These three students thought they were there just to be commissioned and sent out with a blessing—which they were. But then something happened that they did not know was coming. John turned to them and said, “I have a piece of news for you. There’s somebody you do not know—an anonymous donor—who is so moved by what you’re doing that he has given a gift to this university in your name, on your behalf.”
John turned to the first student and said, “You are forgiven your debt of $105,000.” The kid immediately starts to cry. John turns to the next student: “You’re forgiven your debt of $70,000.” He then turns to the third student: “You are forgiven your debt of $130,000.” All three students had no idea this was coming. They were just ambushed by grace—blown away that somebody they don’t even know would pay their debt. The whole room was in tears.

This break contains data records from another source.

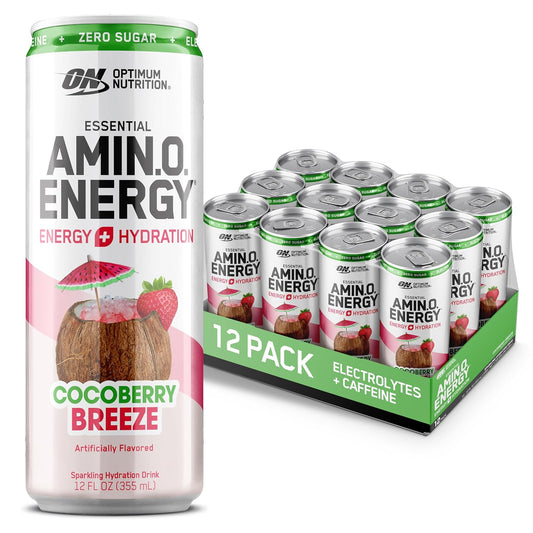 Sugar-Free Optimum Nutrition Amino Energy Sparkling Cocoberry Breeze Hydration Drink - 12 Fl Oz, 12 Pack with Electrolytes, Caffeine, Amino Acids, BCAAs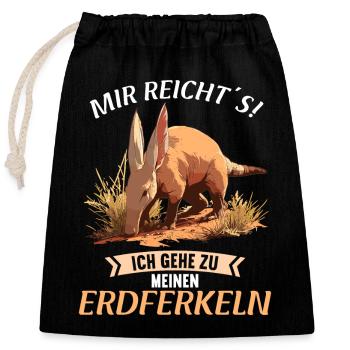 Aardvarks Aardvarks - Closable cotton gift bag (25x30cm) - black - Front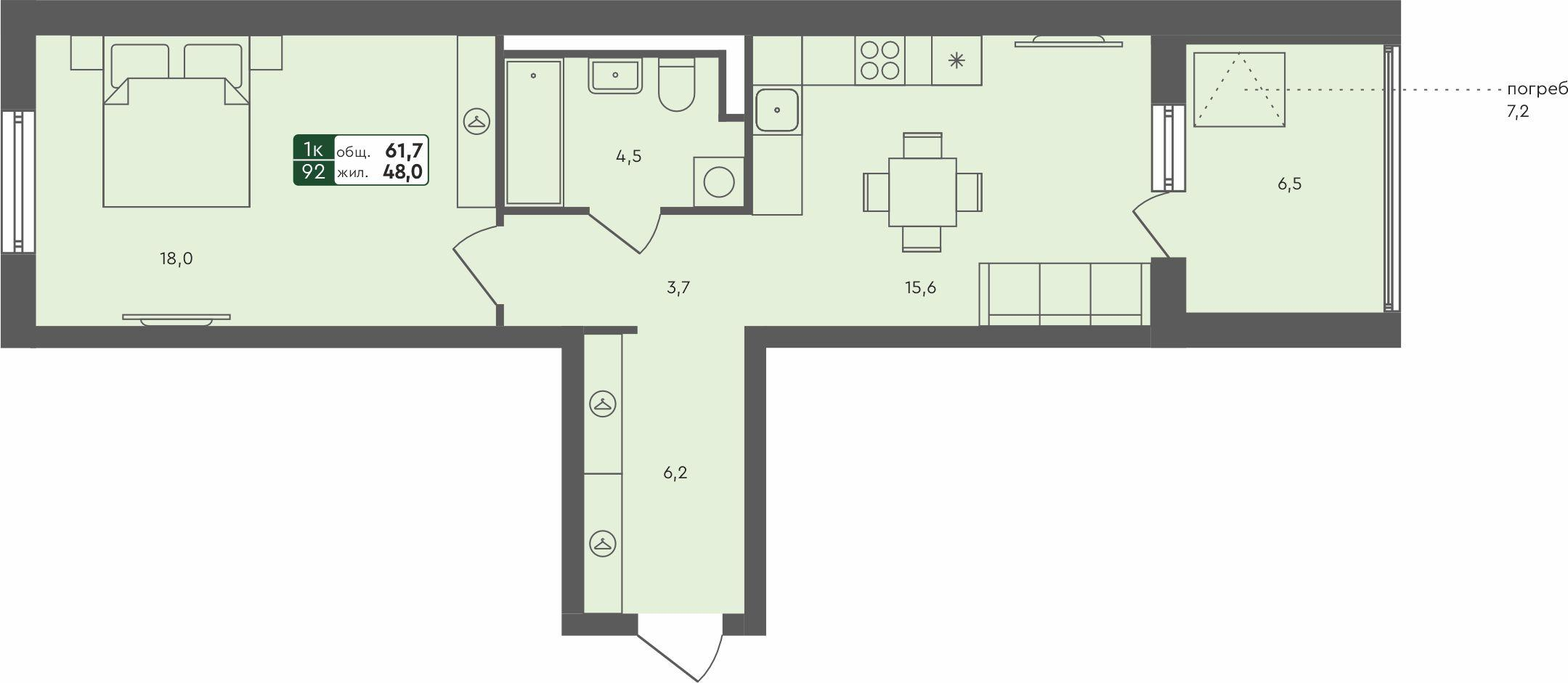 1-комнатная 61 м2 в ЖК Ритмы корпус null этаж 1
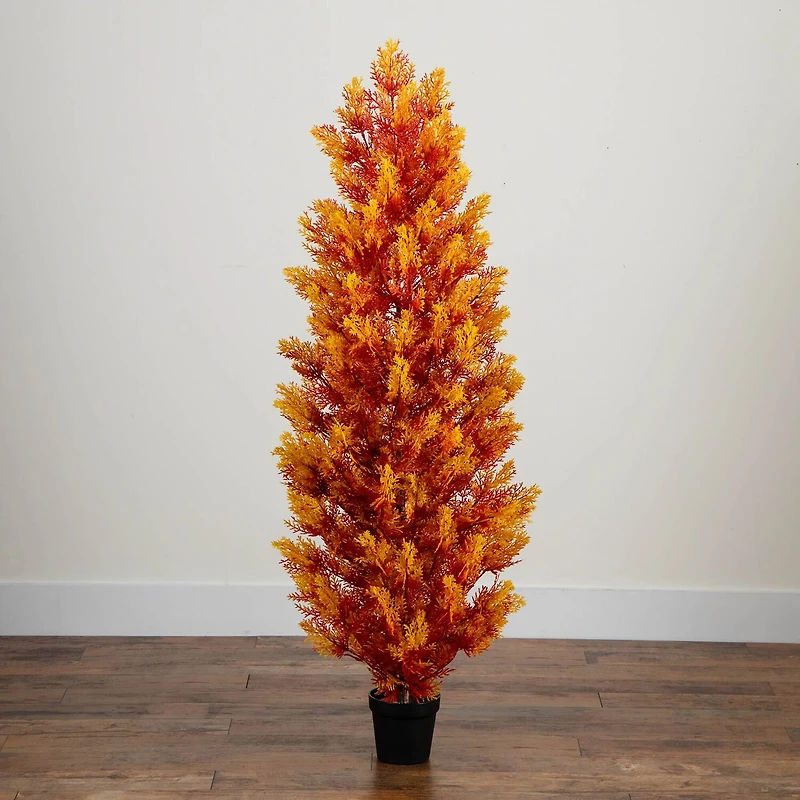 Nearly Natural 5ft Uv Resistant Fall Cedar Indoor Outdoor Artificial Tree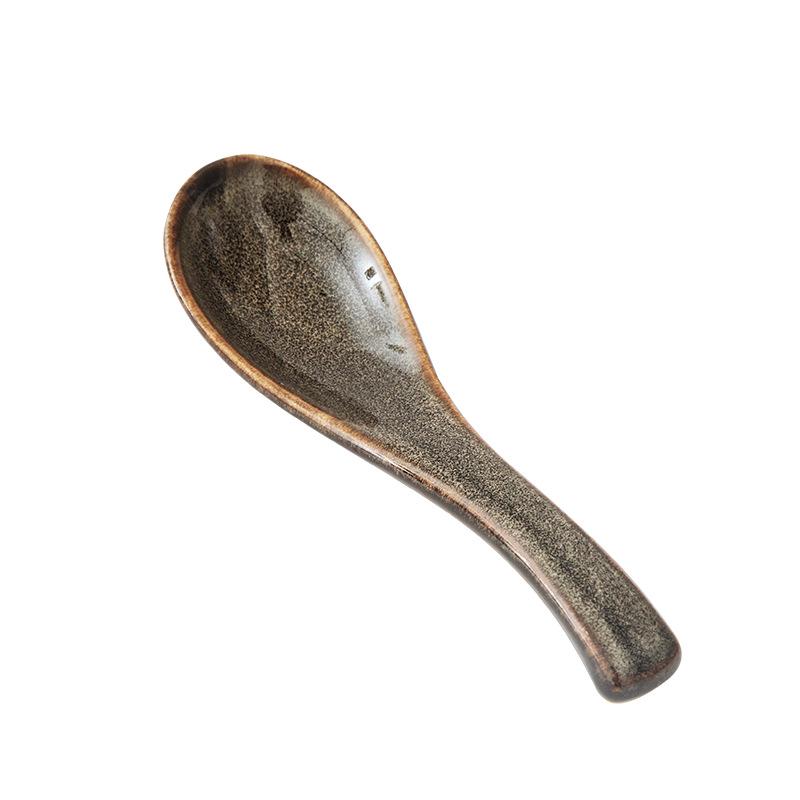 European Ceramic Soup and Dessert Spoon - Kiln-Fired, Small Stirring Utensil for Home and Restaurant Use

II. As I read this I realize that I must accept the message.
a. This message is different.
b. I cannot earn salvation but I must believe the message. I must trust.
c. John 3:16: For God so loved the world that He gave His one and only Son that whosoever believes in Him will not perish but will have everlasting live.

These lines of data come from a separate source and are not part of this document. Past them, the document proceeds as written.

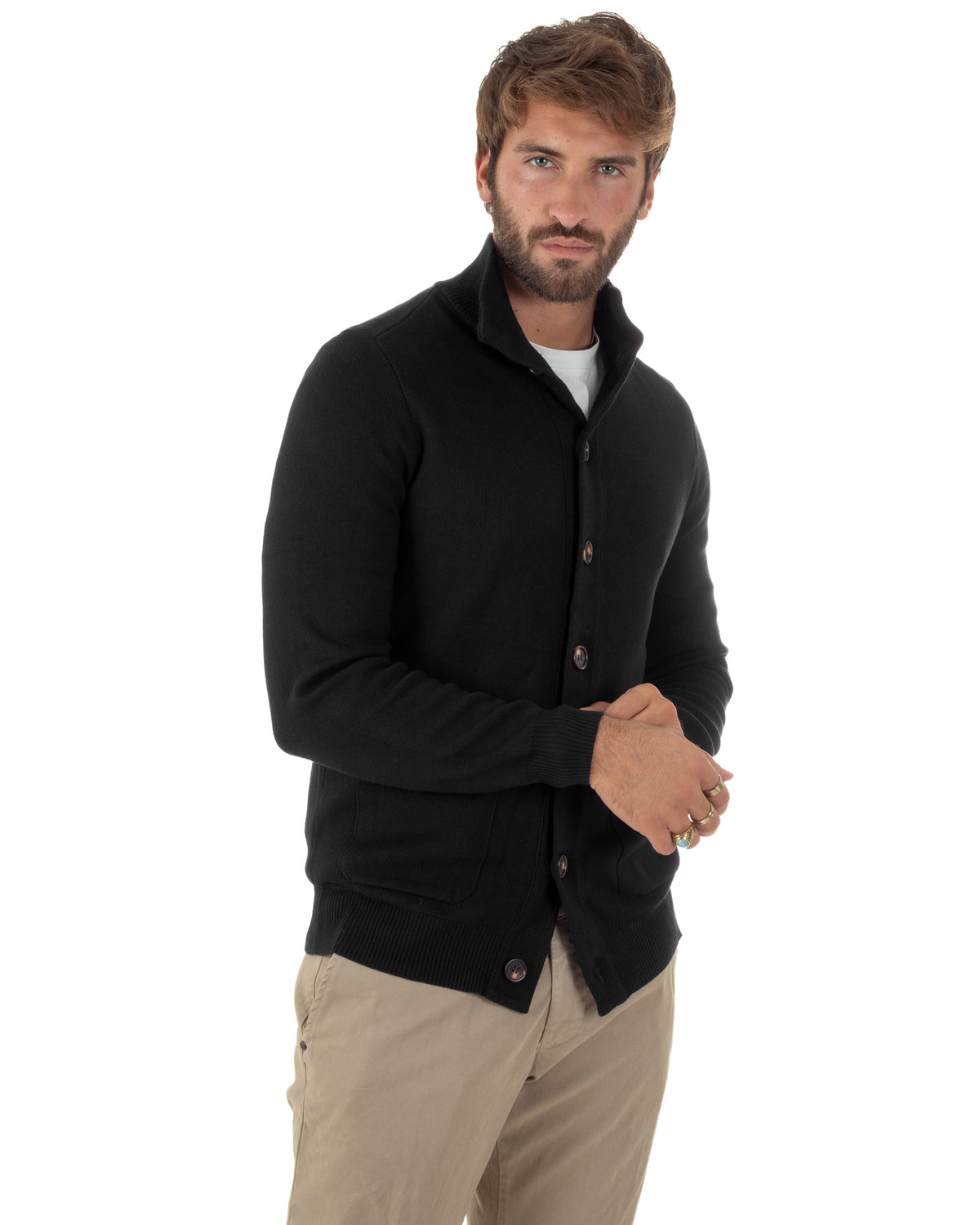 Cardigan uomo maglia con collo bottoni giacca nero GIOSAL-M3124A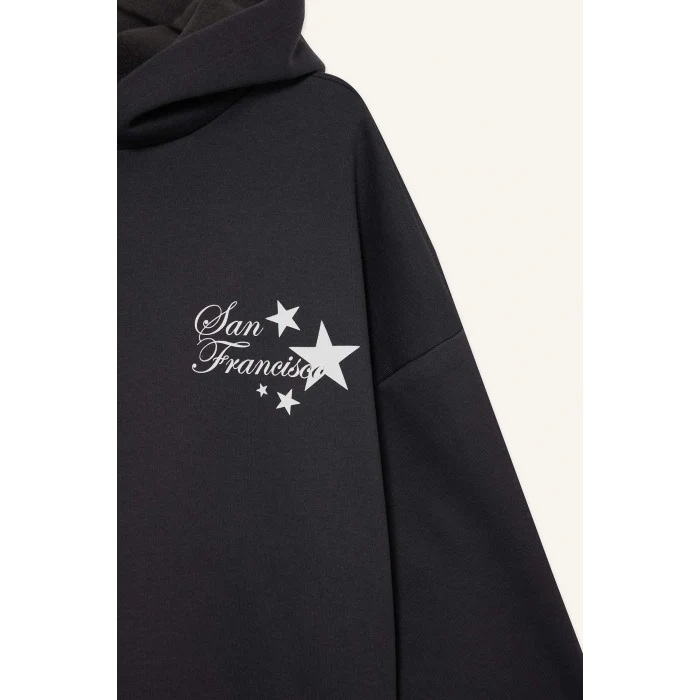 Defacto G0180AXAR104 Antrasit Coool Overshirt Fit Kapüşonlu Baskılı Kalın Sweatshirt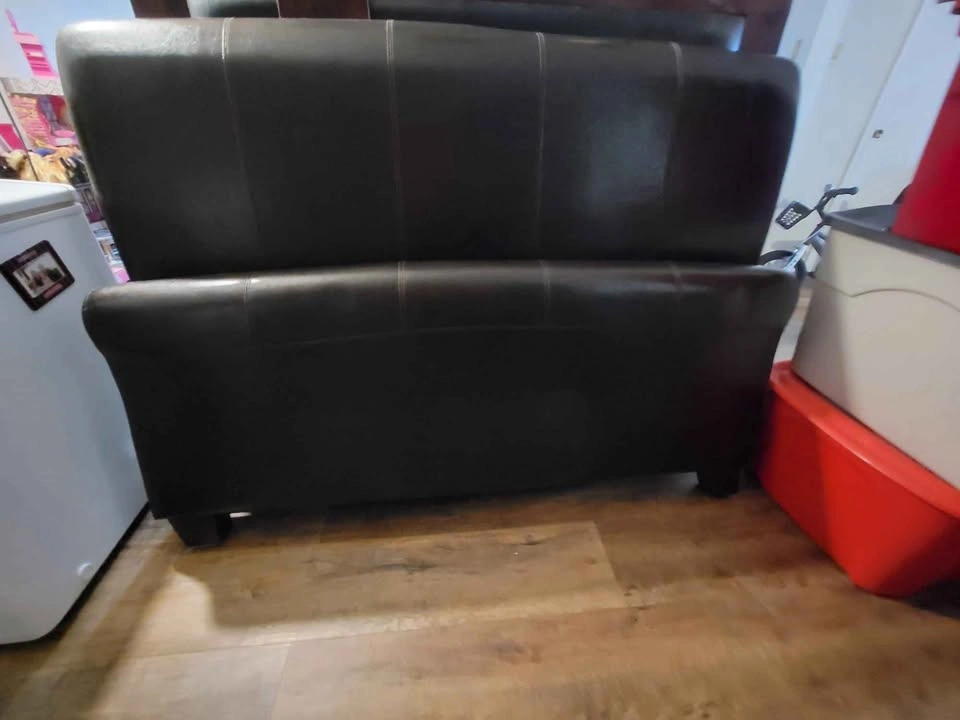 Queen Size Sleigh Bed - Dark Brown Faux Leather - photo 2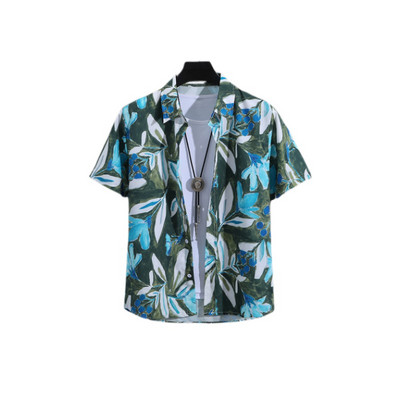 Χαβάης Υπερμεγέθη τρισδιάστατο τυπωμένο μοτίβο κρανίου κοντομάνικο μπλουζάκι καλοκαιρινό παραθαλάσσιο πουκάμισο για διακοπές σε κινέζικο στυλ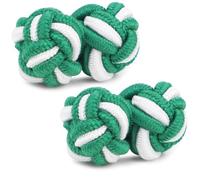 HONEY BEAR Gemelos de seda del nudo de la tela para hombre/mujer, redondos para el regalo de boda del negocio (Verde con blanco)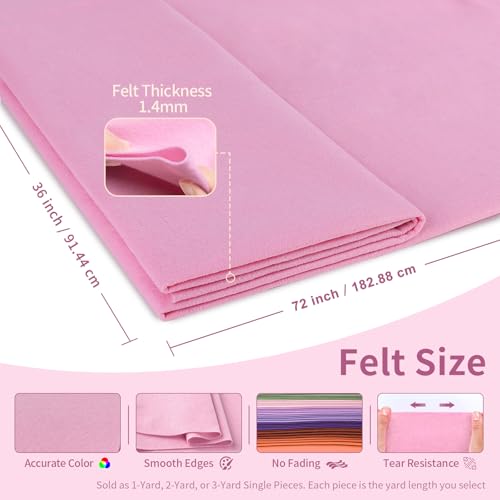 Baby Pink Fabric Sheet 72" X 36", 1.4mm Thick Large Soft Durable Flexible Craft Felt by The Yard, Nonwoven Fabric for DIY Sewing, Arts and Crafts, Decoration Projects - color: Baby Pink, size: 2 yard pre cut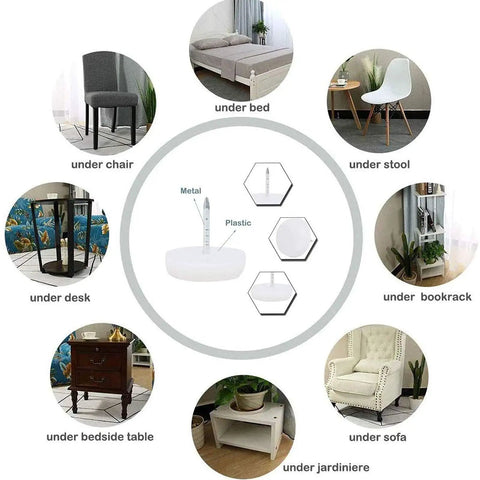 Heavy Duty White Nylon Furniture Sliders Nail On Chair Leg Protectors Floor Glide Pads With Bulletproof Grip Silky Smooth Glide Scratch Shield Table Guards 30 Pack displayed under various furniture.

d. Best way to illustrate this is with an example that I heard about.
When I was five-years-old, I first fully understood the message of these words:
He sees you when you’re sleeping,
He knows if you’re awake,
He knows if you’ve been bad or good,
So be good for goodness’ sake!
Until that moment, I had lived in this childhood bliss, in which Christmas was the best day of the year. I had always believed that the gifts at Christmastime were there because Christmas always came with gifts. You could count on them. But now I painfully understood that if I wanted any gifts at Christmas, I had to be good. It was all riding on me. There was this all-seeing, all-knowing Santa, and if there was going to be any gifts, I had better shape up.
But then I thought, How good is “good”? Can a person be “pretty good”? Does Santa understand that I have a twin brother, so I have more reasons to be provoked than other kids? It was all so worrisome to me.

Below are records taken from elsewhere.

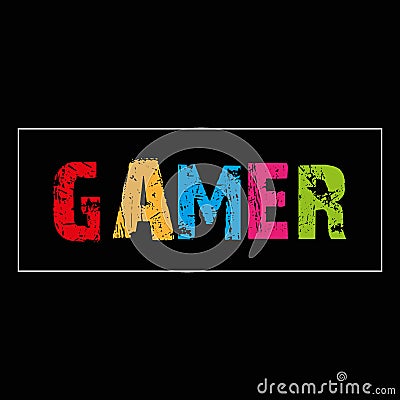 gamer word on black Stock Photo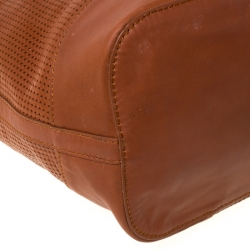 Pre Owned Lancel Brown Leather Perforated Shopper Tote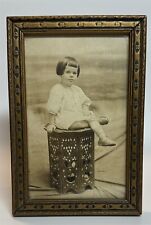 Skeptical Young Lady On Oriental Stool - Nicely Framed Vintage 4x6 B & W Photo  picture
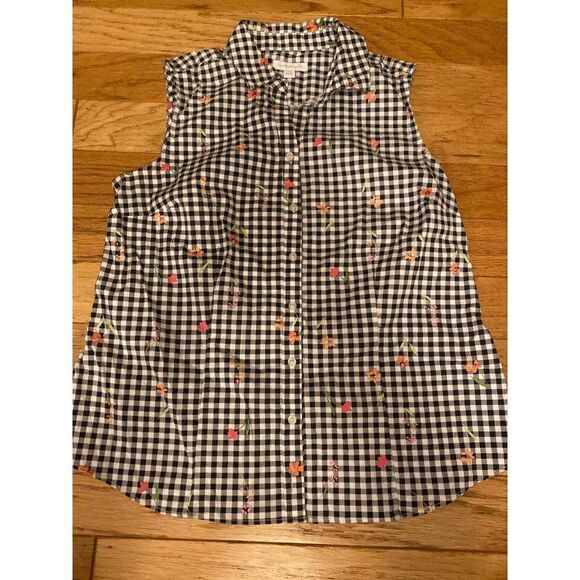 Charter Club women's checkered floral button down sleeveless collared top sz 10P - Picture 1 of 9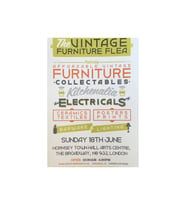 Vintage Furniture Flea Retro Poster  Ahşap Duvar Tablosu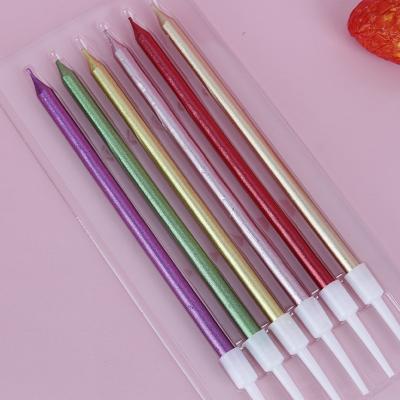 China Fashional Size 6pcs Popular Wholesale Packing Rose Gold Cake Decorating Candle Birthday Candles New Design Party Candles for sale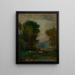 Koeien aan de rand van een beek - George Inness — ingelijst kunstwerk aan de muur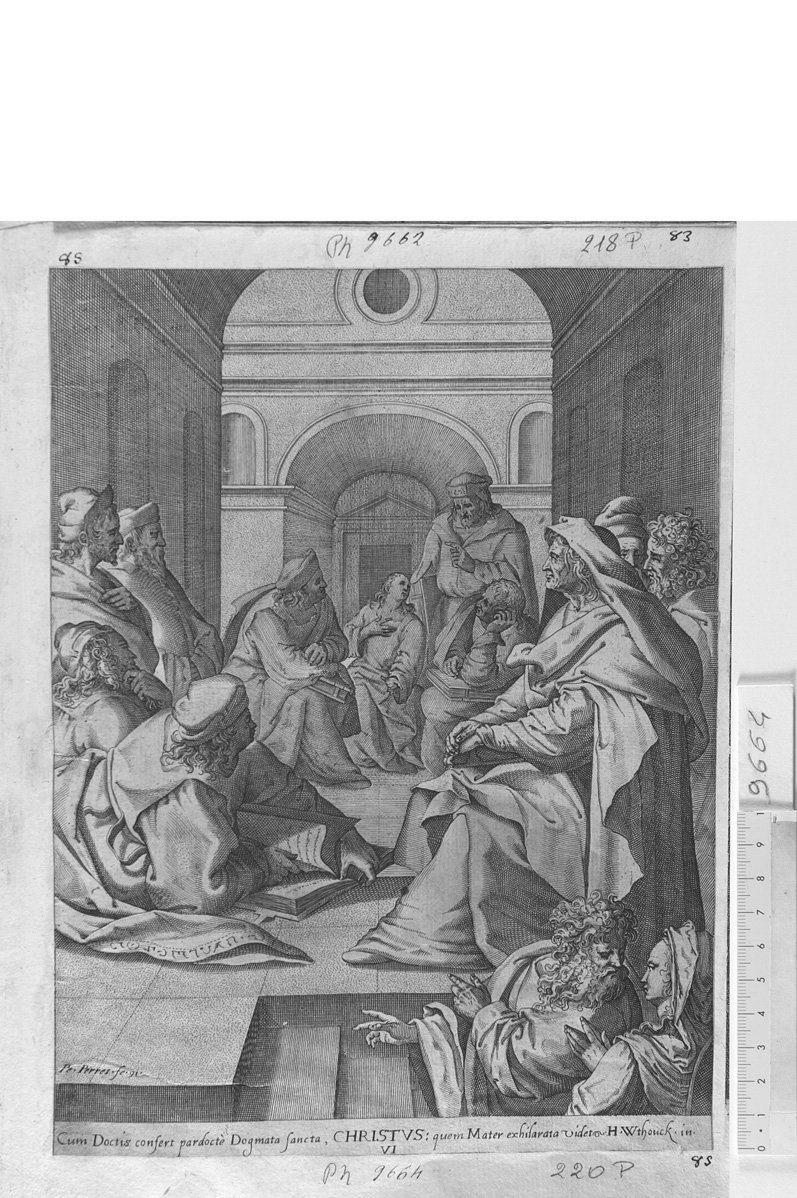 Cristo che disputa fra i dottori (stampa) di Perrier Petrus (sec. XVII)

I grew up a little more and went on to elementary school. In the fourth grade, when I was 9, I continued to learn that all the good stuff in life depends on my effort. We had a reading program called SRA. Here’s how it worked: There was a giant box of color-coded cards on the side of the classroom. You went and got one of the cards in the front of the box, read what was on it, and then answered questions about what you’d read. If you got most of the answers right, you moved up to the next highest color—red, yellow, blue, and if you were good enough and worked hard enough, you reached exotic colors, like magenta.
Moving up in SRA was all we cared about, because if you were still on one of the lower-level colors—red or yellow—you were a loser. Everybody’s goal was to move up—to work really hard and reach the ultimate pinnacle of fourth-grade glory: aquamarine. But if you wanted the glory, you had to hustle. We would literally run from our desks to the box. No pain, no gain! You had to be good enough, to work hard enough.
I grew up a little more. I was 14-years-old, and a friend invited me to a meeting after school called Campus Life. There was a guy there who had a beard, which automatically made him cool. He also had a guitar, which made him even cooler. He started saying stuff I’d never heard before. He said that if you wanted the good stuff from God—stuff like peace and forgiveness and the Holy Spirit—it didn’t work like Santa, where you had to be good or you got nothing but coal in your Christmas stocking. He pointed out that it didn’t work like SRA, where it all depended on your being smart enough and good enough and hustling enough. He said there was a thing called grace. God had decided to take all my sin, all my screw-ups, and forgive me. Grace had something to do with Jesus dying on the cross for me, and all I had to do was believe.
This man read from the Bible, which I hadn’t really ever read. He read that “God so loved the world, that he gave his only Son, that whoever believes in him, will not perish, but have everlasting life.” This message was different from anything I’d heard before. It was not what I expected. It wasn’t all on me. It was all on him—on Jesus. That message was so freeing, that as I took it in, I almost started to cry. But I was a 14-year-old guy, and we didn’t do stuff like that. The next week, I thought, I better not go to that meeting again, because I almost started to cry last week, and I cannot be humiliated by breaking down in front of my friends. But I did go. And I did hear the message. And I did believe. And I experienced “amazing grace.”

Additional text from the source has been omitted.